This white paper, Winery Email Marketing: The Successes, The Shortcomings, and The Solutions, is designed and compiled to assist the winery industry in improving their email marketing campaign efficiencies through:
Learning what other wineries have found successful... or not
Understanding the various elements that go into proper winery email marketing
Realizing the challenges of implementing an effective and legal campaign
How to obtain optimum results by discovering the coherent solution
Wineries throughout the United States and Canada were solicited for anonymous statistical information and some agreed to personal interviews regarding their email marketing practices and experience. This information has been distilled into this white paper and can be found in detail in the Winery Email Marketing Survey section.
This white paper is intended to offer a comprehensive set of questions that any winery seeking an email marketing solution should ask, and also provide the answers that can resolve the negative problems and boost the positive results. By surveying the current state of winery email campaigns, analyzing their performance, and supplying empirical solutions, it is the desire of the authors to advance the state of ethical, effective, and proper winery email campaigns everywhere.
Background
The marketing and promotional challenges faced by wineries are extensive and vary considerably from most other industries.
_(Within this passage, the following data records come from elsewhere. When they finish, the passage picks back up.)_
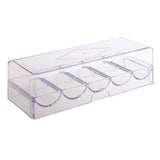 Maxbell 100 Chips Acrylic Storage Tray Case Container with Cover 8.26 x 3.14 x 2.28inch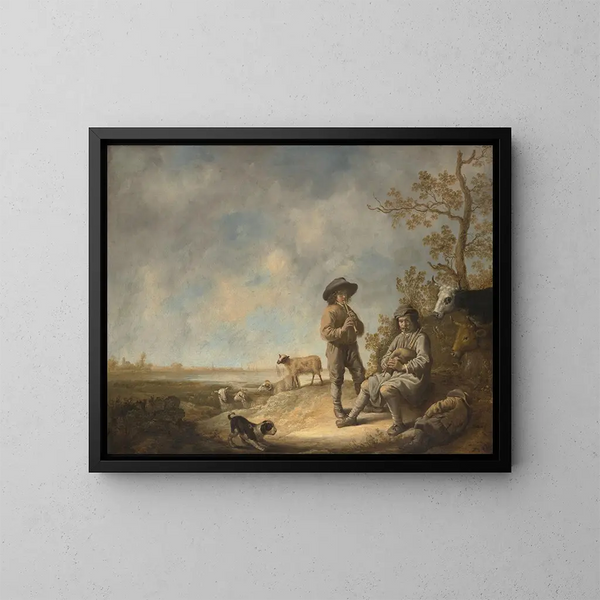 di pastori che suonano la flauto - Aelbert Cuyp — quadro incorniciato alla parete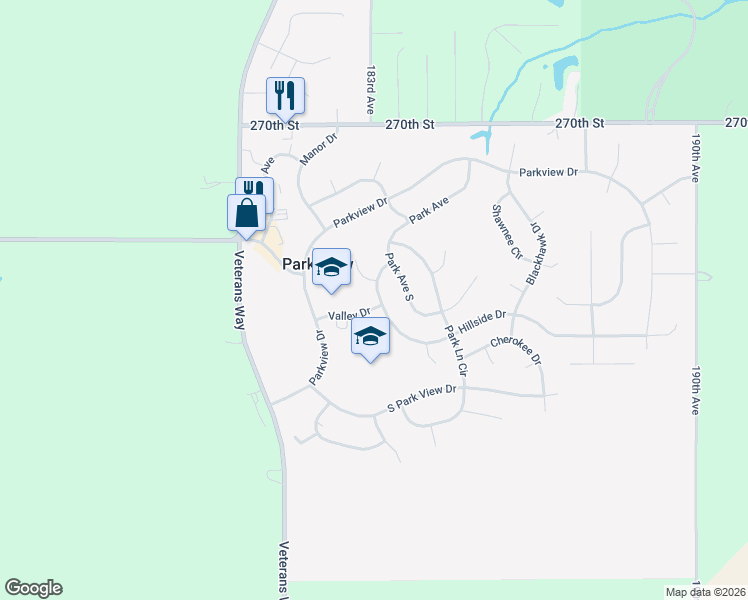 map of restaurants, bars, coffee shops, grocery stores, and more near 111 Hillside Drive in Eldridge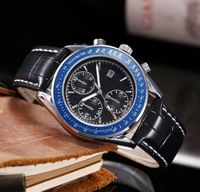 Wholesale Men Luxury watch Quartz Creative Leather Strap Waterproof Military Sports Cool Male reloj Set Auger Stopwatch Premium Clock
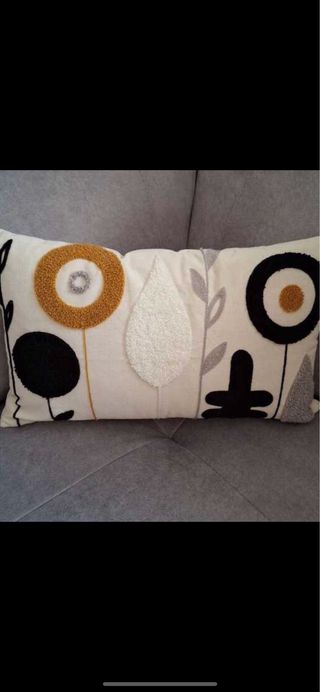 2 Fundas Cojín Bordadas Flores Boho Chic 30x50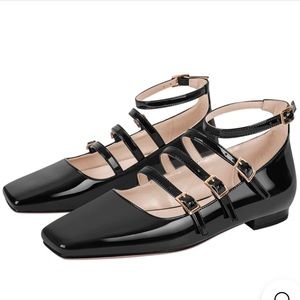 Square Toe Buckle Strap Mary Jane Flats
According to marketing consultant Andy Mitchell of Proximity Pulse, "there is no other product in any other category where consumers are actively encouraged not to be brand-loyal, but encouraged to explore and to change." The prototypical decision matrix followed by consumers sequentially considers:
Color: Red, white, rose, champagne
Price Range: Bargain to Stratospheric
Grape Varietal: Aglianico to Zinfandel and everything in between
Brand: Tens of thousands to choose from
With an estimated 7,000 commercial wineries in the United States alone, and likely another 25,000 around the world, the level of competition in the winery industry is intense. Very few industries span the range of pricing that is encountered in the winery business, with some bottles selling for under two dollars retail while others can fetch hundreds, or even thousands of dollars. The size of these operations varies widely as well, with some boutique wineries producing only a handful of cases per year while corporate giants like Constellation Brands sell nearly one billion bottles of wine annually.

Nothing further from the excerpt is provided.